The result of such efforts is that Maryland's $1.50-per-gallon tax on distilled spirits is tied with the District's rate as the second-lowest in the nation, according to the nonpartisan Tax Foundation in Washington. In Virginia, where lawmakers are loath to raise levies on most anything, the tax is $20.13 per gallon.
The industry's clear path to victory this year -- not only on alcohol taxes, but also in blocking bills that would have allowed direct wine shipments from out of state and watering down legislation requiring first-time convicted drunk drivers to install ignition systems that test for sobriety-- has drawn criticism of the alcohol lobby and its perceived stranglehold on Maryland politics.
In the months leading up to the legislative session, the lobby appeared to strategically sprinkle tens of thousands of dollars in contributions to key lawmakers, including leaders in both chambers, and to Del. Mary Ann Love (D-Anne Arundel), who leads the House subcommittee that deals with alcohol regulation.
"For way too long, the alcohol beverage lobby has been drunk with power in Annapolis, and this is the year we're going to sober them up!" Sen. Richard S. Madaleno Jr. (D-Montgomery) yelled last week at a rally leading up to this week's hearings.
Hixson said that testimony presented Thursday would not change the anti-tax stance of her committee, which follows public pronouncements since January by Gov. Martin O'Malley, House Speaker Michael E. Busch (D-Anne Arundel) and Senate President Thomas V. Mike Miller Jr. (D-Calvert), who have said that it's a bad year to think about tax increases with many residents still struggling through the recession.

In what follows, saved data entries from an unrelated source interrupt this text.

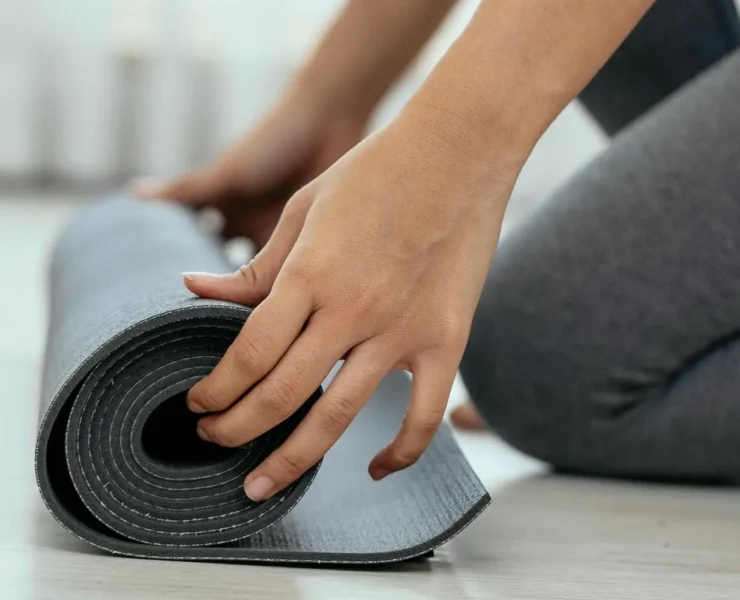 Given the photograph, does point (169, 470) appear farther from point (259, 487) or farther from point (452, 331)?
point (452, 331)

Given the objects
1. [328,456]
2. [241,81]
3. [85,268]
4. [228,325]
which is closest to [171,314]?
[228,325]

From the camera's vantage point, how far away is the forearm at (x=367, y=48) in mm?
1472

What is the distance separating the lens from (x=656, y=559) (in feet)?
2.87

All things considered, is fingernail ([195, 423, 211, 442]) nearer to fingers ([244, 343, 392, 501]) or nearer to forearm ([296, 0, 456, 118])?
fingers ([244, 343, 392, 501])

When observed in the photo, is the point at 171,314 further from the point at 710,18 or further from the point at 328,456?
the point at 710,18

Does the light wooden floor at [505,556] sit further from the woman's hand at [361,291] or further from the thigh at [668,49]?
the thigh at [668,49]

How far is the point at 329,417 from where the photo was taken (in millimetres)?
771

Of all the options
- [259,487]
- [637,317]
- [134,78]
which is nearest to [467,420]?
[637,317]

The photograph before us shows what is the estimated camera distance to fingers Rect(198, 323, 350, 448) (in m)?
0.75

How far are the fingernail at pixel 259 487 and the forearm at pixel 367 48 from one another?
855 mm

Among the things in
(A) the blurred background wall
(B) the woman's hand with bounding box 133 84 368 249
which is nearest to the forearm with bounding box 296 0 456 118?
A: (B) the woman's hand with bounding box 133 84 368 249

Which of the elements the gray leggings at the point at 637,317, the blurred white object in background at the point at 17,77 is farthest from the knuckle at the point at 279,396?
the blurred white object in background at the point at 17,77

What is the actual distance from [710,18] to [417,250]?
69 cm

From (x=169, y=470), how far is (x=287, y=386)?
0.39 feet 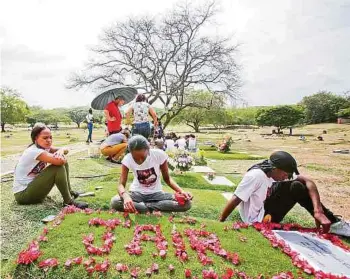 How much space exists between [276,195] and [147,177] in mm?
1606

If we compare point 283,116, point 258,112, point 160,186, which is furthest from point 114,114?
point 258,112

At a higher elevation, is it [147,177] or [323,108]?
[323,108]

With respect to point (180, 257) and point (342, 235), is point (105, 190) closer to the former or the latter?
point (180, 257)

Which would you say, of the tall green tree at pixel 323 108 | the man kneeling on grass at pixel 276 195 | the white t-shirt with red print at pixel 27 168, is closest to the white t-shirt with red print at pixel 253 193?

The legislation by Madaleno and Del. William A. Bronrott (D-Montgomery) would collect an estimated $200 million or more a year, which would be used to expand Medicaid coverage to childless adults and to restore funding for services for tens of thousands of Marylanders with developmental disabilities. More than 10,000 developmentally disabled residents are eligible for state services but are on waiting lists because of inadequate funding.
"This bill addresses both sides of the crisis -- the terrible underfunding of existing services, and the thousands of people on the [wait] list -- and it raises funds without dipping into the general fund," Laura Howell, chairman of the Maryland Developmental Disabilities Coalition, testified Thursday.

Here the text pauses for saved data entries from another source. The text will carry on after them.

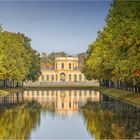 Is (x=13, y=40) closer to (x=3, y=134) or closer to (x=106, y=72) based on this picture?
(x=106, y=72)

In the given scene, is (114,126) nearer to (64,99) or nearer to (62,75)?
(64,99)

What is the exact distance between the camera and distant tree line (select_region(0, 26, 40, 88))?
259 feet

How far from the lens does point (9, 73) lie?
8281 centimetres

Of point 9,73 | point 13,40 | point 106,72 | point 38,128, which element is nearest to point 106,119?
point 38,128

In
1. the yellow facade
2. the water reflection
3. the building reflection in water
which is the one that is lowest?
the water reflection

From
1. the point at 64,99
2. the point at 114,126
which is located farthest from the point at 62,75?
the point at 114,126

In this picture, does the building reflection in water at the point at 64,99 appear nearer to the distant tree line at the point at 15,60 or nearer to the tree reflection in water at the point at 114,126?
the distant tree line at the point at 15,60

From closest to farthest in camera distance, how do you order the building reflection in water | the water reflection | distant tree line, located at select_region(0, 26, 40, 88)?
the water reflection
the building reflection in water
distant tree line, located at select_region(0, 26, 40, 88)

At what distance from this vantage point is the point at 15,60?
3514 inches

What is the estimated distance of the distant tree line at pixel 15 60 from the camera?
78.9 m

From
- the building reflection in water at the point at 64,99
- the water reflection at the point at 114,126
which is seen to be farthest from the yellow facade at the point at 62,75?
the water reflection at the point at 114,126

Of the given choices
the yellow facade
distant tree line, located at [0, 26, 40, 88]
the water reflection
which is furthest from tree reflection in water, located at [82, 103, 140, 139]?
the yellow facade

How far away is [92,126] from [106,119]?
4446 mm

To the alcohol industry, the bill is less benevolent. On a per-gallon rate, it would increase Maryland taxes from $1.50 to $10.03 on distilled spirits; from 40 cents to $2.96 on wine; and from 9 cents to $1.16 on beer. The real-world effect? About $4 more for what is now a $13 bottle of liquor, said Robert C. Douglas, a lobbyist for the Licensed Beverage Distributors of Maryland.
Douglas and others also mentioned a nonpartisan fiscal analysis of the bill as a warning for why to resist the tax.
It "would result in a decline in sales for all retailers and wholesalers of alcoholic beverages," a Department of Legislative Services analyst wrote. Businesses along the state's borders, particularly those in Montgomery and Prince George's counties, could be most adversely affected because consumers there could go to the District, "where the taxes will be considerably lower."